Subject: Sequence Analysis

Presenting Author: Ben Kelly, The Research Institute at Nationwide Children's Hospital

Author(s):
Yangqiu (Patrick) Hu, The Research Institute at Nationwide Children\'s Hospital
Travis Casper, The Research Institute at Nationwide Children\'s Hospital
David Newsom, The Research Institute at Nationwide Children\'s Hospital
Huachun Zhong, The Research Institute at Nationwide Children\'s Hospital
Wesley Banks, The Research Institute at Nationwide Children\'s Hospital
Gail Herman, The Research Institute at Nationwide Children\'s Hospital
Peter White, The Research Institute at Nationwide Children\'s Hospital

Abstract:
Popular utilization of next-generation sequencing for the identification of human genetic variation has led to the development of numerous tools to process raw sequencing data and subsequently identify polymorphisms.
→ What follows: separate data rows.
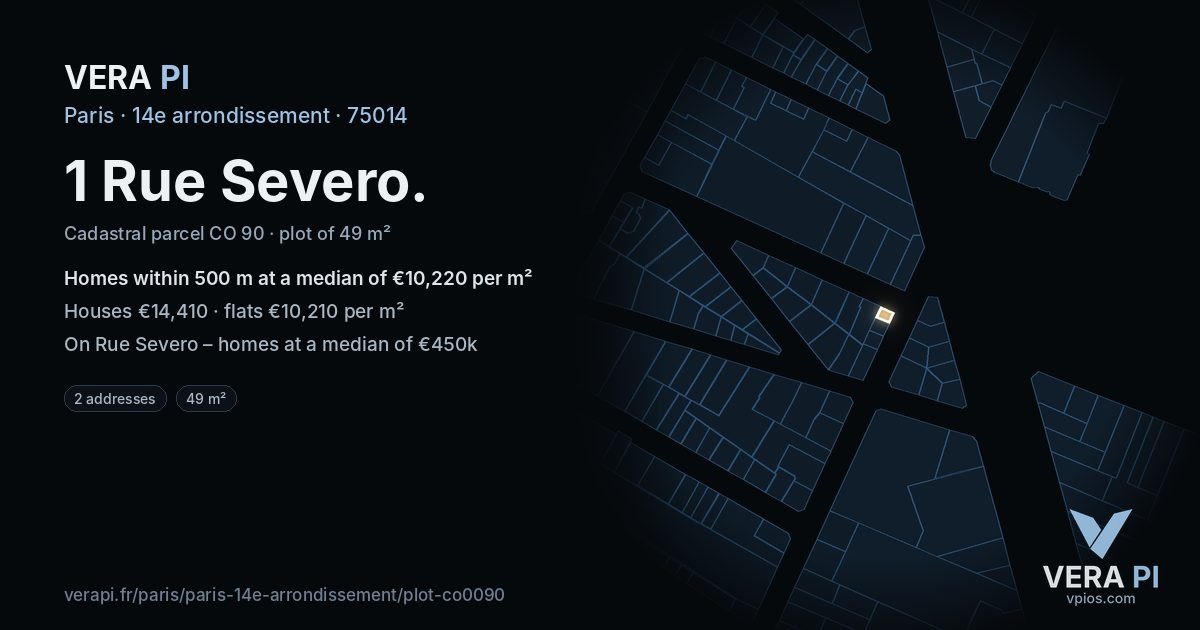 1 Rue Severo, 14e arrondissement at night – the plot lit, the parcels around coloured by the prices near them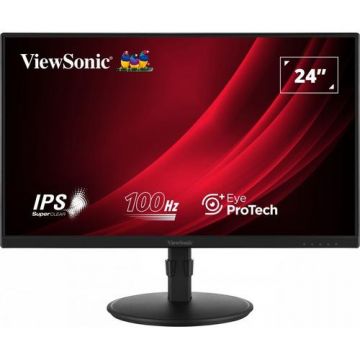 Monitor IPS LED ViewSonic 24inch VG2408A-MHD, Full HD (1920 x 1080), VGA, HDMI, DisplayPort, Boxe, Pivot, 100 Hz, 4 ms (Negru)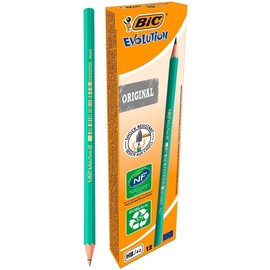 BIC BIC Bleistift Evolution Original 650 HB, 12er Pack, grün, sechskantig, Ideal für das Büro, das Home Office oder die Schule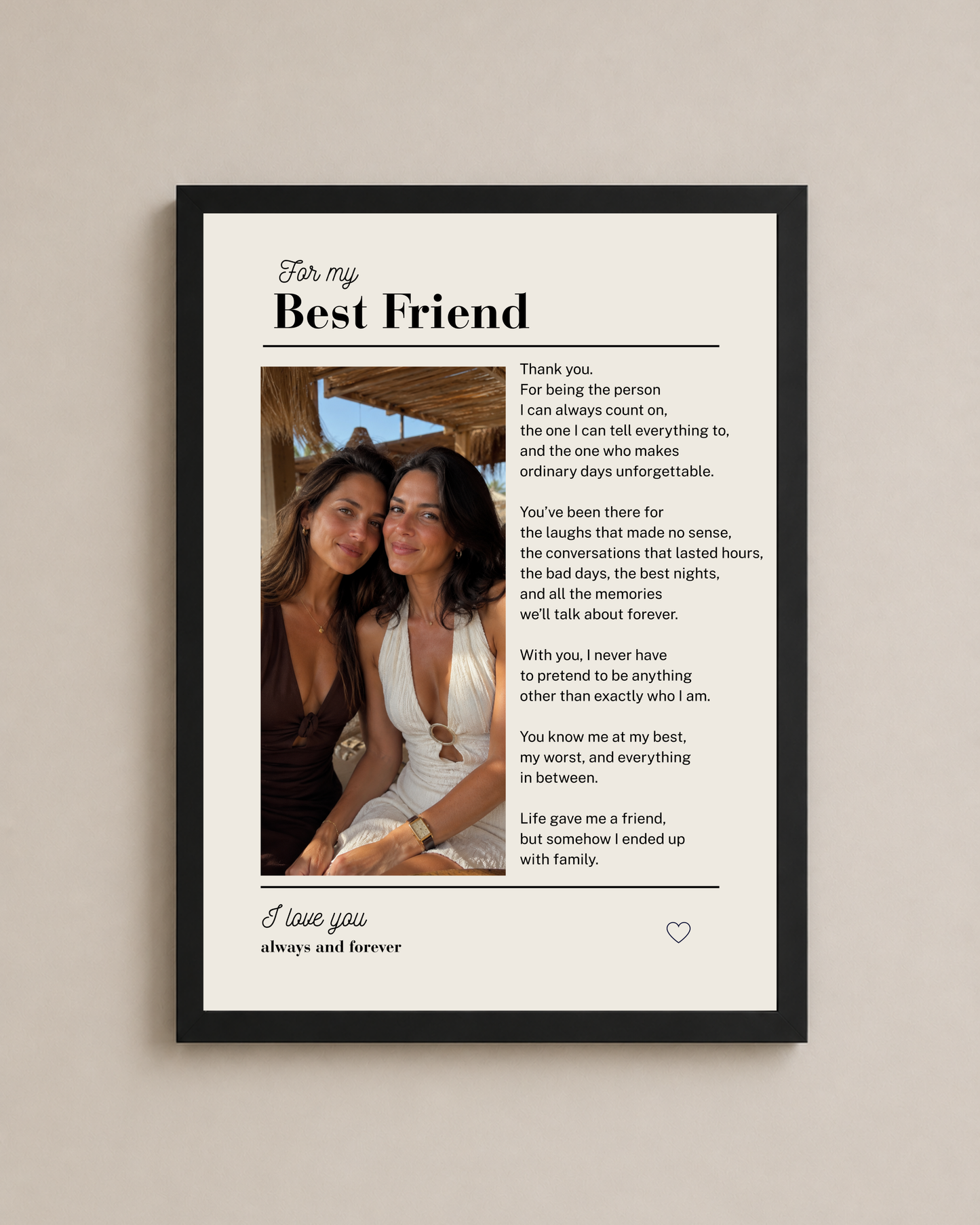 Custom Friend Poem Frame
Analysis of sequencing data can be broken into two computational steps: alignment of the sequencing reads to a reference genome and variant calling from that alignment. A variety of aligners and variants callers exist, but few complete pipelines exist. Given that each algorithm has respective strengths and weaknesses we set out to determine the optimal combination of these tools.
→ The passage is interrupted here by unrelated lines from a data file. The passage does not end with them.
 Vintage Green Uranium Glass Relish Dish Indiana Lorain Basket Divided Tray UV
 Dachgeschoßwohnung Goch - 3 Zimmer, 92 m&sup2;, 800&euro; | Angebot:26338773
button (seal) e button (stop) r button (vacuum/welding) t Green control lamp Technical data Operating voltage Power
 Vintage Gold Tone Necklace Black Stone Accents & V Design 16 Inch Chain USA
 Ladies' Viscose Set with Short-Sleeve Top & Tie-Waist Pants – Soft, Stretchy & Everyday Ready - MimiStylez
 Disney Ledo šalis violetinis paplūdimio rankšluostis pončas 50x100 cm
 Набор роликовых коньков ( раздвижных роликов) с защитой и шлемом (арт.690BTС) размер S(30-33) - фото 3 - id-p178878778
In order to determine the ideal alignment and variant calling algorithmic pairing we utilized a novel, two pronged approach. First, we generated a synthetic data set that closely resembles a typical exome experiment in coverage, polymorphisms (both SNPs and INDELs), base quality, and sequencing error rate. Sensitivity and specificity were measured for each alignment and variant calling combination. Second, we utilized multiple true experimental exome trios (child, mother, and father) to further evaluate the algorithm combinations using Mendelian error rates and transition/transversion ratios.
In both synthetic and real-world testing, SNP calling was consistent among most combinations tested. During INDEL calling, however, we identified alignment and variant calling combinations that significantly increased identification of true positives and reduced the calling of false positives. We recommend that no matter which alignment algorithm is used, local realignment and base quality recalibration should be performed before variant calling on as many variants as computationally feasible.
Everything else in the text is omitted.